Anfangs hoffen sie noch auch schnelle Rettung...

Fünf Menschen, ürplötzlich in ein Loch gesteckt und zum Sterben verurteilt, das erinnert spontan an "Cube", der Ende der 90er ähnlich unerwartet einschlug. Die Parallelen zu "Hunger" sind unverkennbar, von den Voraussetzungen wie dem psychologischen Background, nur liefert dieser Film mehr Hintergründe und ein klares Ziel: Friss oder stirb.
So platt das alles klingen mag, so effektiv und in seinem kostengünstigen Rahmen routiniert umgesetzt funktioniert der Streifen von Steven Hentges, der auf diversen Genre-Festivals gefeiert wurde. Zurecht, denn aus den wenigen Mitteln wird viel rausgeholt. Besonders lobenswert: Statt auf reinen Voyeurismus zu setzten (bei der Handlung nicht einfach) wird sich nur selten darin geflüchtet.
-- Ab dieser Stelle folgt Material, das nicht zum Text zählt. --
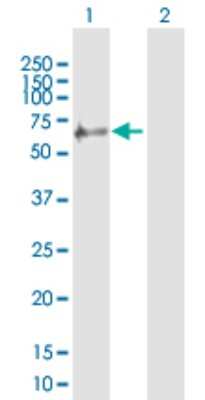 Western Blot: RNF25 Antibody [H00064320-B01P] - Analysis of RNF25 expression in transfected 293T cell line by RNF25 polyclonal antibody.  Lane 1: RNF25 transfected lysate(50.49 KDa). Lane 2: Non-transfected lysate.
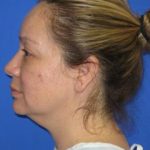 Renuvion Subcutaneous Skin Tightening Before & After Patient #1102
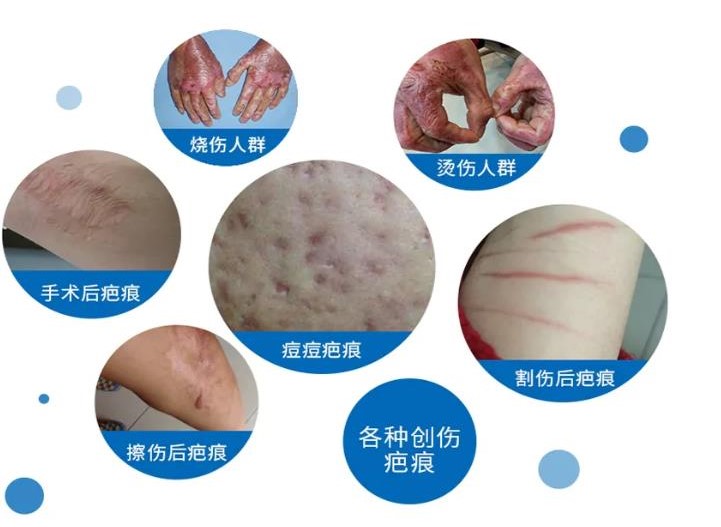 盐城疤痕修复好的医院排名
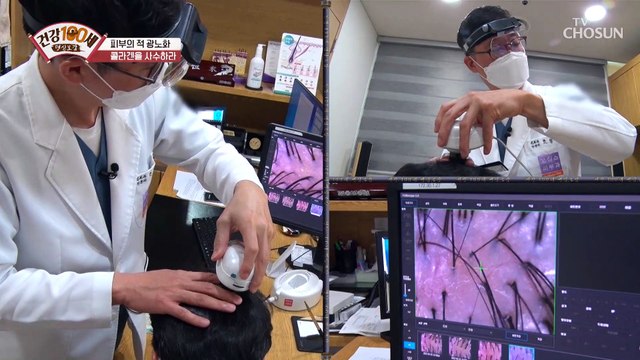 콜라겐으로 두피 노화와 탈모를 예방할 수 있다?! TV CHOSUN 220606 방송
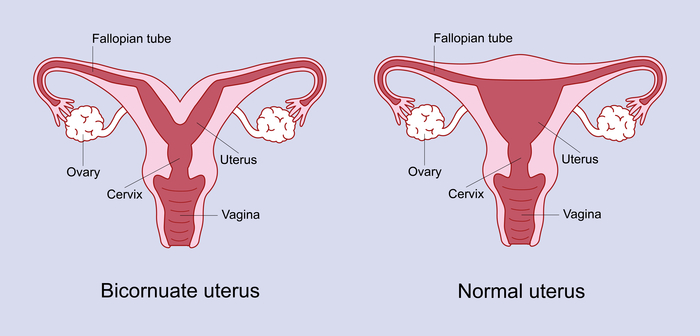 Bicornuate uterus A bicornuate uterus has a deep indentation at the top of the uterus.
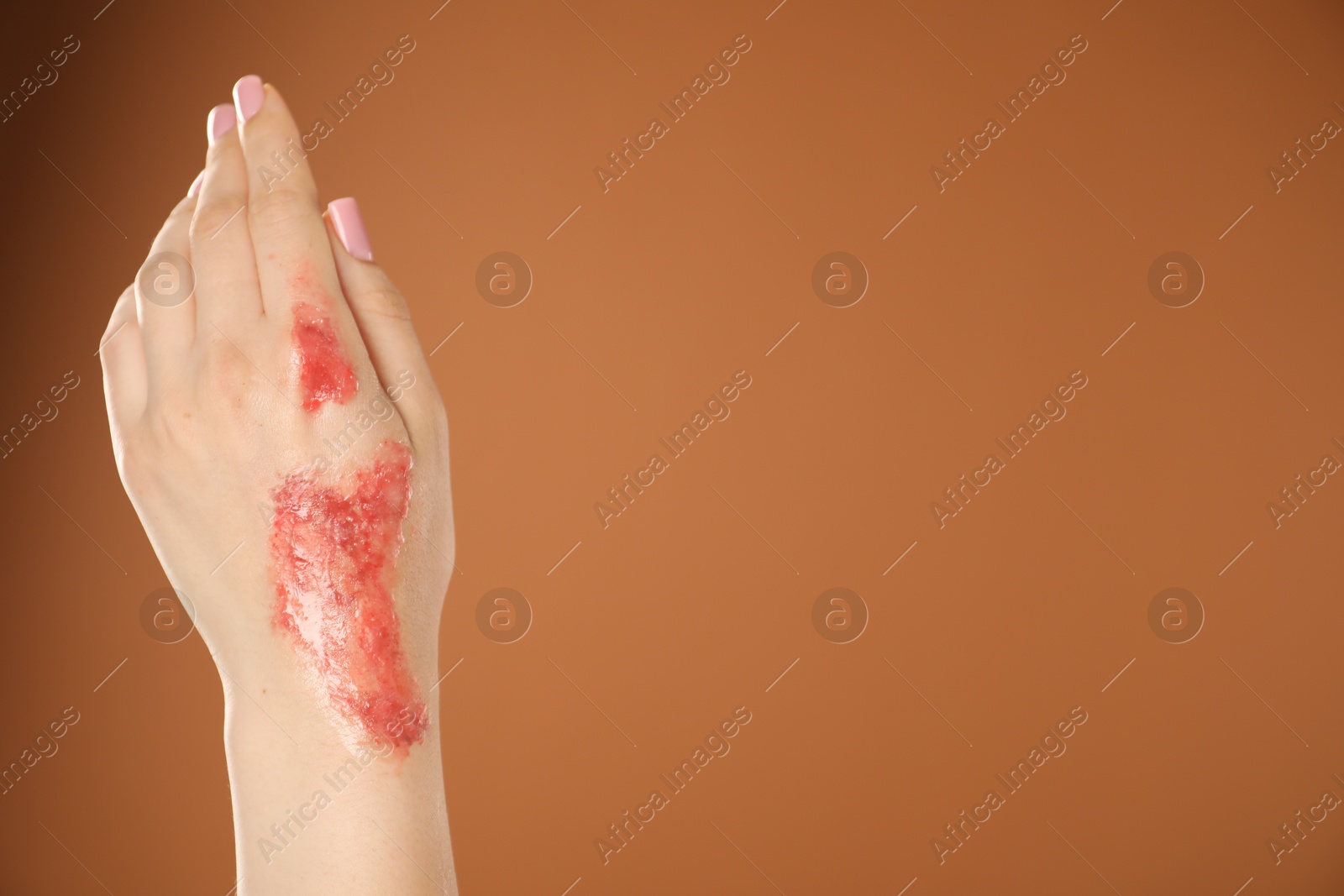 Photo of Woman with burned hand on brown background, closeup. Space for text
Ganz davon freisprechen lässt sich "Hunger" nicht, nur deutlich bemühter, als vergleichbare Vertreter. 

...langsam macht sie Verzweiflung breit...

Die beklemmende Atmosphäre zieht von der ersten Sekunde an. Wenig Licht, Protagonisten, die wie der Zuschauer, vollkommen unvorbereitet in ein Szenario befördert werden, das sie nicht begreifen können. Bedrohung liegt in der Luft, Panik ist allgegenwärtig, Misstrauen die natürliche Folge. Da lässt sich "Hunger", trotz kompakter Laufzeit, schön Zeit, feuert nicht sofort mit Erklärungen um sich, lässt uns wie die Opferlämmer kurz im dunklen tappen. Kurz, aber es reicht. Für die Stimmung wichtig und auch sonst spielt Zeit bei "Hunger" eine spezielle Rolle. Tage vergehen hier, im wahrsten Sinne des Wortes, im minutentakt, die Charaktere entwickeln sich entsprechend. Daher ist die, theoretisch, sprunghafte Entwicklung der Figuren überhaupt kein Kritikpunkt, denn wir erleben nur einen Zeitraffer, springen von Höhepunkt zu Höhekunkt, die sehr intensiv in's Mark treffen.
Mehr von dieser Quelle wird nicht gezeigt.